Kennedy was born Diana Southwood in Loughton, Essex in the southeast of England. Her father was a salesman, and her mother was a schoolteacher who loved nature and wanted to live quietly in the countryside.
Kennedy did not attend college because of World War II, instead joining the Women’s Timber Corps at age 19. The Corps were a British civilian organization which took over forestry duties from men who had gone off to fight. Kennedy did not like cutting down trees, so she was delegated to measuring tree trunks instead.
In 1953, Kennedy migrated to Canada, living there for three years doing a number of jobs, including running a film library and selling Wedgewood china.
On a last-minute decision, Kennedy decided to visit revolutionary Haiti in 1957. There she met Paul P. Kennedy, a correspondent for The New York Times in Mexico, Central America and the Caribbean. The two moved to Mexico in 1957, and there they married some time later. Kennedy has had no children, but she does have two step-daughters, Dr. Moira Kennedy-Simms and Brigid Kennedy, daughters of Paul P. Kennedy and his first wife, Martha Combs Kennedy.
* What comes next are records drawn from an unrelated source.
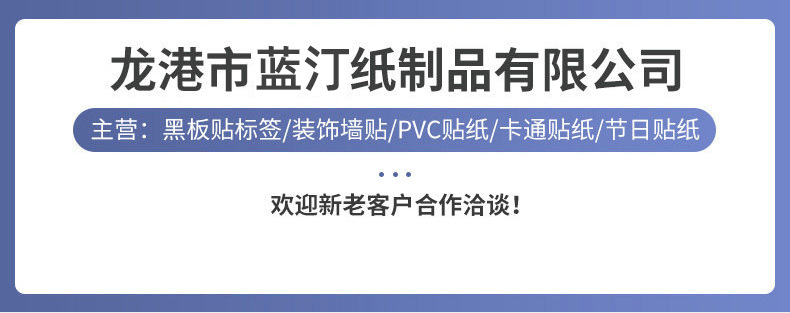 O1CN01HJ6LNj23lcVIpYAye_!!4037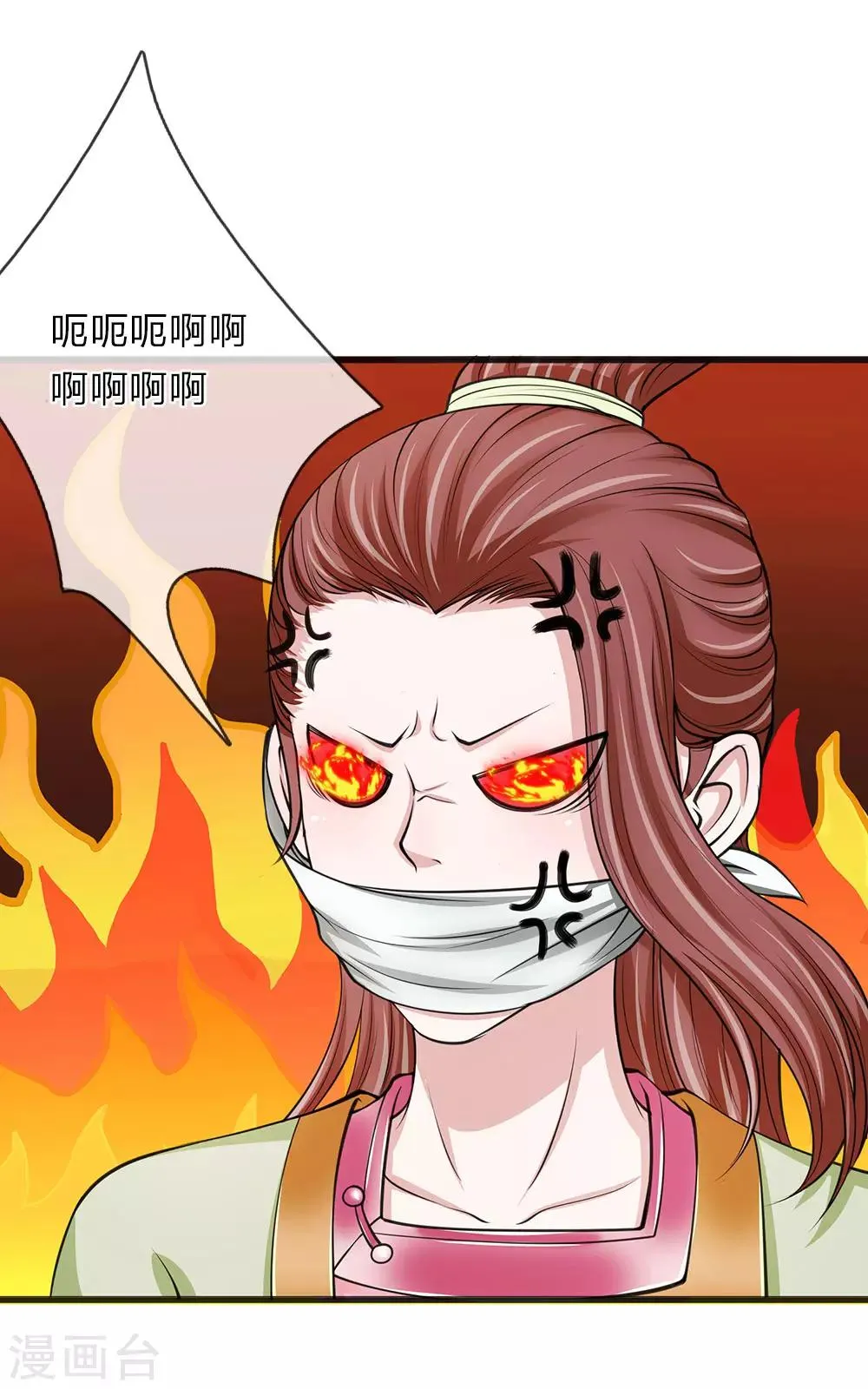 第87话 寸步不离 第1页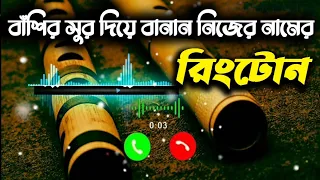 বিশ্বের সেরা বাঁশির সুর দিয়ে বানান নিজের নামের রিংটোন ! Make Basuri Ringtone With Your Name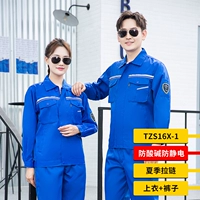 С молнией, летний, кислотно-щелочный, антистатический, 16x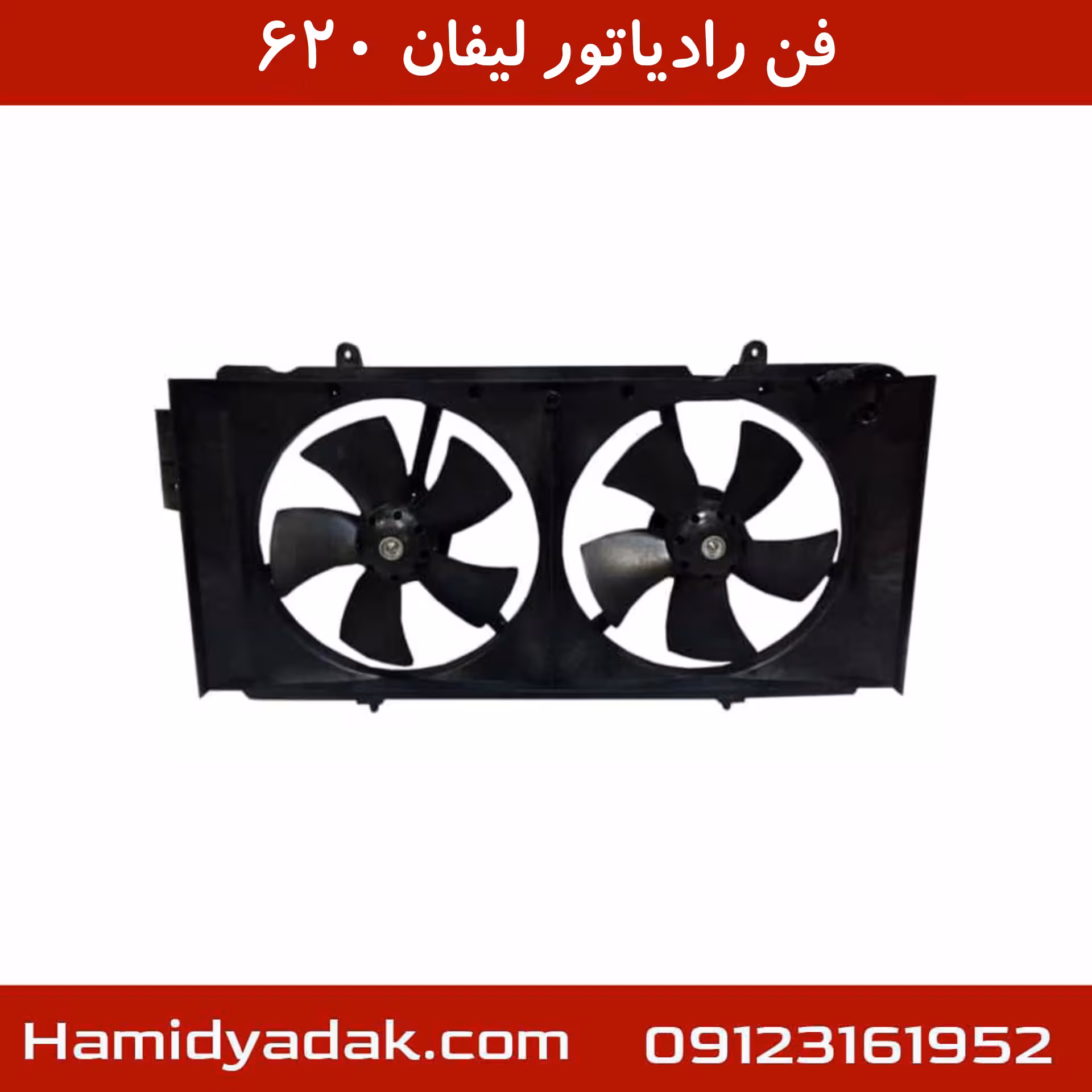 فن رادیاتور لیفان 620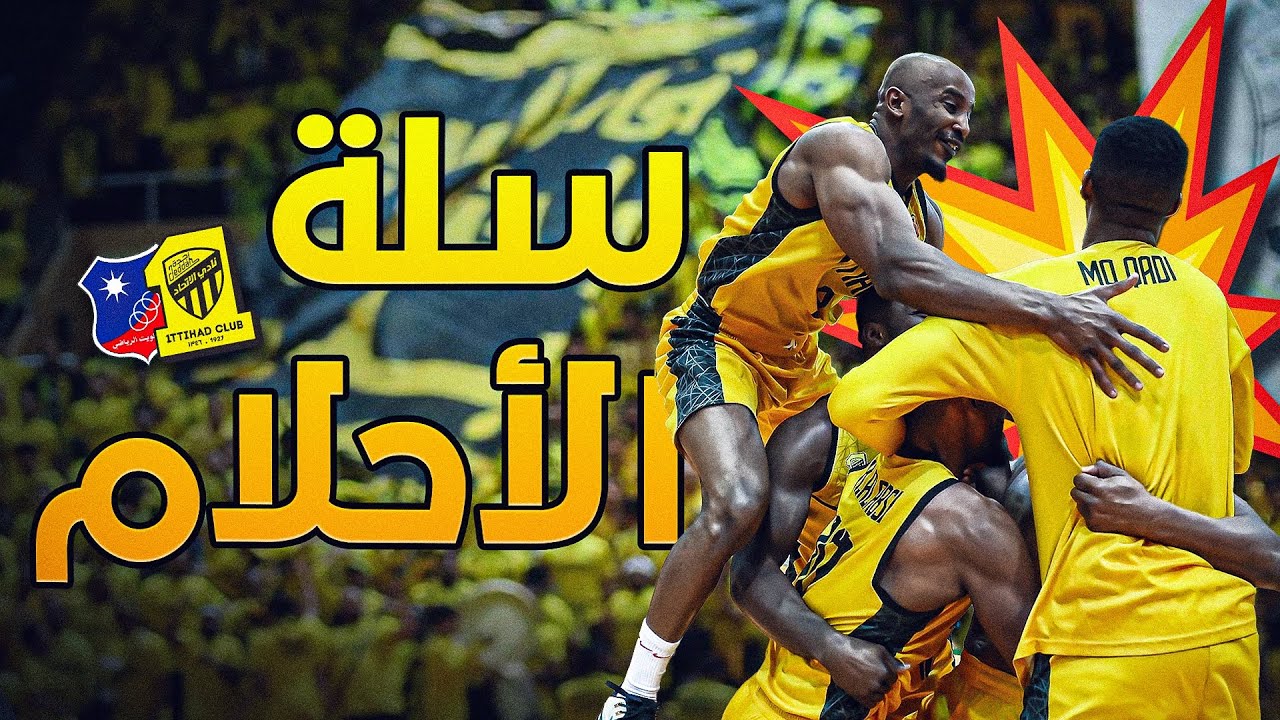 جنون جماهير الاتحاد في كرة السلة بالآسيوية 😨🔥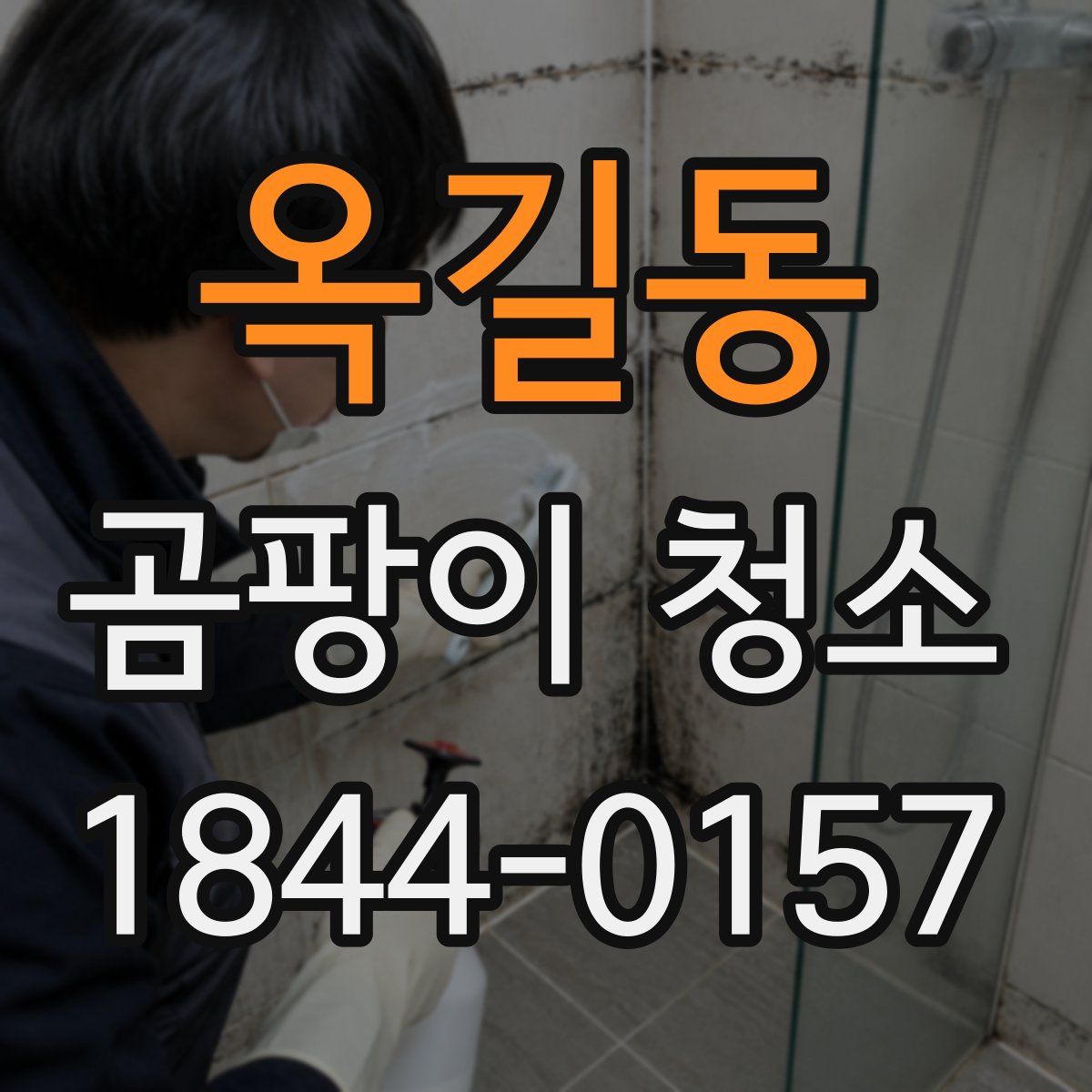 옥길동 곰팡이 청소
In Mexico, Kennedy became enamored of the food, and has since dedicated her career to its preservation and promotion. However, she still maintains her British accent and takes tea each day. She has worked all her life and cannot imagine not working. When she is not teaching, she is either writing of working in the kitchen on recipes. She is noted for her brusque, no-nonsense demeanor, having pulled out tape recorders when police have tried to get bribes from her on her Mexican travels.